The whole virtual real estate market is still in the early stages; it may prove nothing but a fad, a costly one at that, or it may be the domain name market 2.0. Major investors and firms are betting their money on this, so there might be a method to the madness.

The not-so-real estate

Usually, real estate refers to property like land and buildings, differentiating such assets from not-so-obvious assets like stocks, bonds, and bank accounts. Thus, the phrase virtual real estate is self-contradicting.

Virtual land or virtual real estate refers to land and real estate available to purchase in virtual representations of our world; the metaverse. In the final week of November 2021, following Facebook’s announcing its name change to Meta, the virtual real estate market boomed to unprecedented heights; only four among metaverse projects had sales of $106m in virtual land plots.

Almost all of the impressive virtual real-estate sales are happening on a few platforms; The Sandbox, Decentraland, and Axie Infinity are among the most in-demanded. Yet, the fact is there is no intrinsic value to the land bought on any of these platforms. It is all speculative at best and can be considered gambling at worst.

A real value of virtual land?

Even though many people may find it weird that NFTs are bought and sold for real money today, this is by no means a new phenomenon. For decades, MMORPGs (Massive Multiplayer Online Role-Playing Games) have shown that people are willing to pay large sums to get a sought-after item, a rare weapon, or a unique skin.

Games like World of Warcraft and others have such intricate economies; that economists study them, as they may suffer economic crises like inflation. That gives credence to the idea of future metaverse economies with high real estate values.

Even though virtual land plots are considered NFTs, they may have a more objective value if and when the metaverse kicks into high gear.

Imagine a metaverse platform hosting millions of concurrent users. Like the real world, such a place would have hot spots where people like to visit and gather for multiple reasons. It might be a well-known virtual party arena or even the virtual headquarters of a big club with connected, influential members.

Such a place will have a real value connected to its popularity and type of visitors the same way websites have real value for virtual content and usage. Like websites, companies can make use of the popular virtual real estate. They can use it to market its products, rent out ad space, or even rent out the opportunity to use the venue to host events.

For now, even the most popular metaverse projects barely reach a few tens of thousands of daily users. That’s very light traffic that does not explain the prices paid for land on these platforms. Yet, the buyers are betting that the metaverse is quickly growing, and as it grows, locations in the virtual downtown will be just as busy as real-world downtowns.

According to a report by Market Research Future, the metaverse market will grow from its $21.91bn evaluation in 2020 to a whopping $715bn by 2030. If the insights proved accurate, it is not far-fetched to visualize land in popular metaverses changing hands for tens of millions of dollars at a time, but alas, there is a catch.

The elephant in the room

No matter how lucrative virtual land might become in the future, there is a lot of speculation in this field. Even if we take the rise of the metaverse as a given, we have no clue which metaverse will end up being dominant. It might be one of the current ones, a newcomer from the world of big tech, or a future not yet established startup.
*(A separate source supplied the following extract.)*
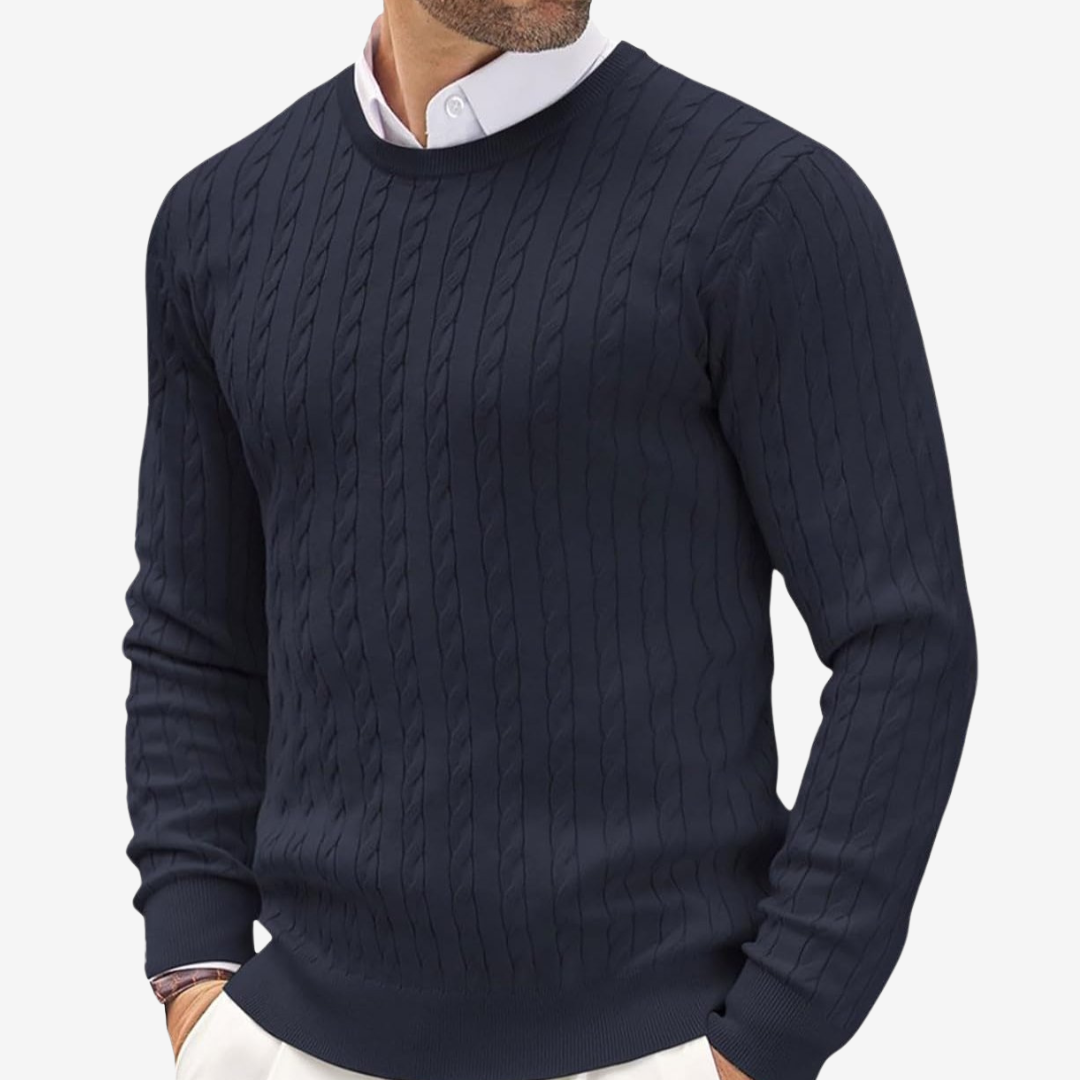 Louis | Cable Knit Crew Neck Mens Knit Jumper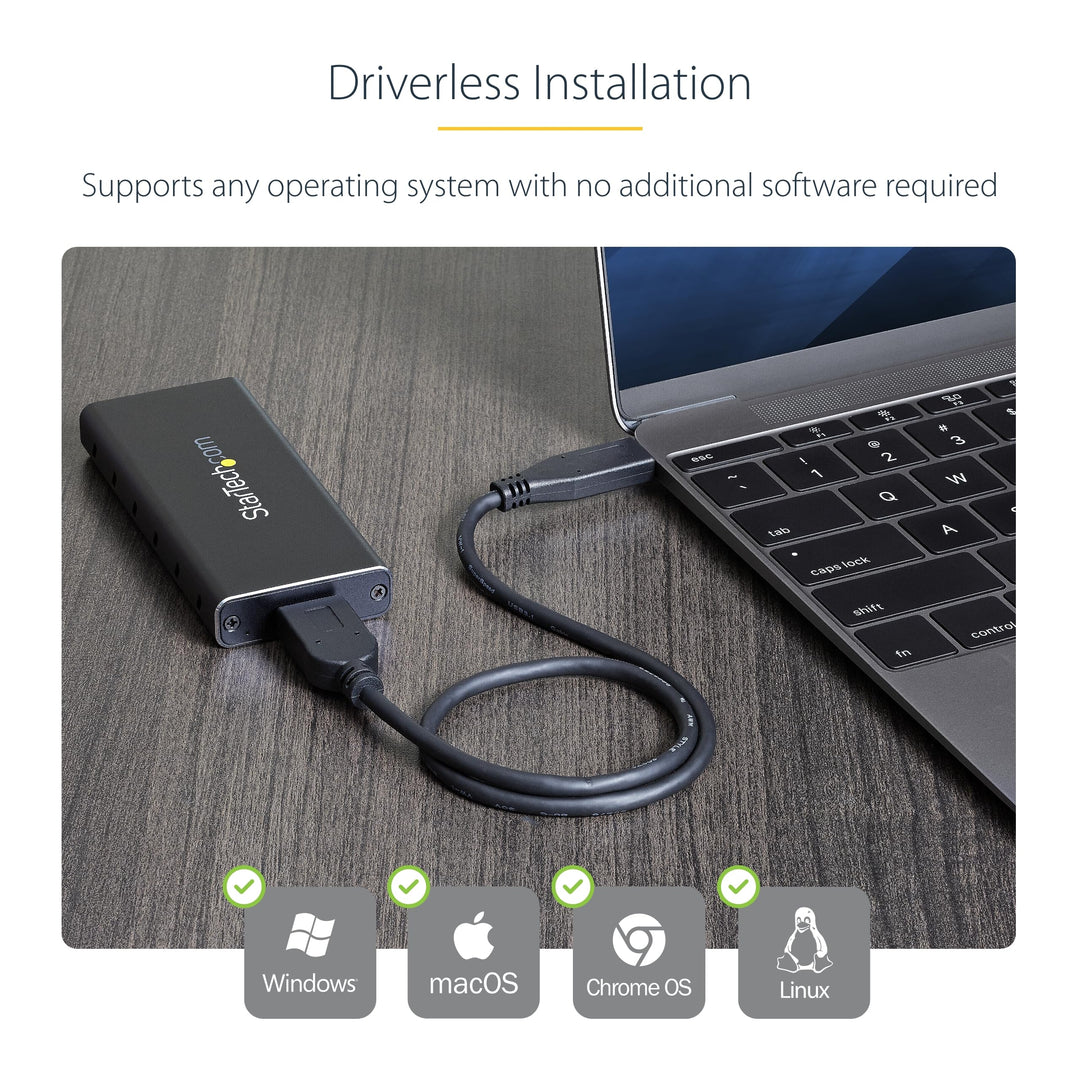 M.2 SSD Enclosure for M.2 SATA SSDs - USB 3.1 (10Gbps) with USB-C Cable - External Enclosure for USB-C Host - Aluminum, TAA (SM21BMU31C3)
Like it was virtually impossible to predict what social media platforms will dominate in 2004, it is impossible to predict the dominant metaverse platform of tomorrow, as the whole field is still in its infancy.

Most current metaverse platforms will die out, leaving a few dominant ones, and land on a platform that lost the metaverse race will be as good as worthless. Furthermore, not all metaverse projects are alike, and some major ones like the Facebook Meta metaverse do not seem to have a defined map with tradable plots of land.

The idea of virtual land having real-world value is not as alien when we understand its background and the revenue streams that may come from it. But the market is speculative at best, and it is most likely early to seriously invest in buying a virtual piece of land.